Something is ‘liminal’ if it sits right on a kind of perceptual boundary: so it is surely the Voynich Manuscript’s liminality – that is, its apparent inability to be included in or excluded from any category or pigeonhole – that makes it such an infuriating object to study. Why can’t we prove or disprove that it is a language, a cipher, a shorthand, indeed an anything? Why, centuries after it was constructed by person or persons unknown for reasons unknown, are we still unable to drag any part of it kicking and screaming into the light of certainty?
Yet a recent email here from BC helps demonstrate the difficulties we face when we try to do this. He (very reasonably) asks:
“What do you think best explains the lack of repeated sequences? (i.e. there are almost no repetitions of any group of 3+ consecutive words). I would think that disproves the hypothesis of a pure natural language already.”
It’s a fair point (and I’d add that it works equally well as a disproof for both “pure natural language” and simple substitution ciphers, which are almost exactly the same thing). Moreover, many of the repeats that you do find within the Voynichese corpus are qokedy/qokeedy blocks, words which combine a small information content with a strong affinity for sitting next to one another (as I recall, but please correct me if I’m wrong) such that trivial repeats of these are statistically almost certain to be found somewhere in the text.
Yet conversely, it could be argued that if a pair of instances were to be found where a longer non-trivial block is repeated, that would surely throw a statistical spanner of improbability into that reasoning’s smoothly rotating spokes, in much the same way that the statistical improbability of the Gillogly strings militate strongly against most non-DOI-based readings of Beale Paper B1.

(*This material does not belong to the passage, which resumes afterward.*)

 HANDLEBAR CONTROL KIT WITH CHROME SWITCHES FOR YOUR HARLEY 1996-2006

And so it is with all that in mind that Torsten Timm points – in his interesting and challenging paper that I will discuss in more detail another day – to a particularly intriguing (nearly-)repeating sequence pair, both halves of which are on page f84r:-
<f84r.P.3> shedy qokedy qokeedy qokedy chedy okain chey
<f84r.P.10> shedy qokedy qokeedy qokeedy chedy raiin chey
This is surely as close to a “Gillogly sequence” as we get in Voynichese. In fact, this to me is very much as if we are looking through a gap in the confounding clouds, insofar as it seems that the same (or at least very similar) plaintext sequence is being processed in two slightly different ways by the same system to yield two extremely close Voynichese sequences.
But yet the almost complete absence of any other reasonable-length sequence pairs throughout the Voynich Manuscript’s hundreds of pages speaks loudly against the idea that what we are looking at is either a natural language or just about any straightforward cipher. So this pair is arguably most useful as a demonstration of how weak many of our current proofs and disproofs are.

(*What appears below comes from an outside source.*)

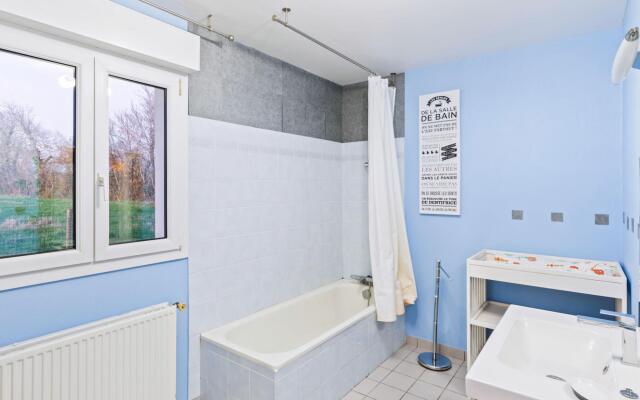 Tranquil Holiday Home in Englesqueville-la-percee With Garden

As a consequence, my current answer (to “What do you think best explains the lack of repeated sequences?”) would be that the Voynichese text seems to have been consciously constructed in such a way to avoid including non-trivial repeating sequences (i.e. I don’t really include “qokedy/qokeedy” sequences in this).
But this comes with a caveat: that this “Timm pair” is then probably the keenest example we have of a slip-up in the generally excellent execution of a tricky system specifically designed to avoid including non-trivial phrase repetitions (and which almost completely managed to succeed in this ambitious aim).
Yet because it contains three trivial consecutive qokedy/qokeedy words, it plainly suffers from the weakness that it existence might just be a statistical coincidence, of the kind of Dave Oranchak sees suggested so often for Zodiac Killer cipher patterns. Hence its inherent liminality: we just can’t tell for sure whether it’s a break in the system or a freak occurrence fooling us into thinking it’s a break in the system.
…unless you happen to know of any other “Timm pair”-like sequences that are even more solid?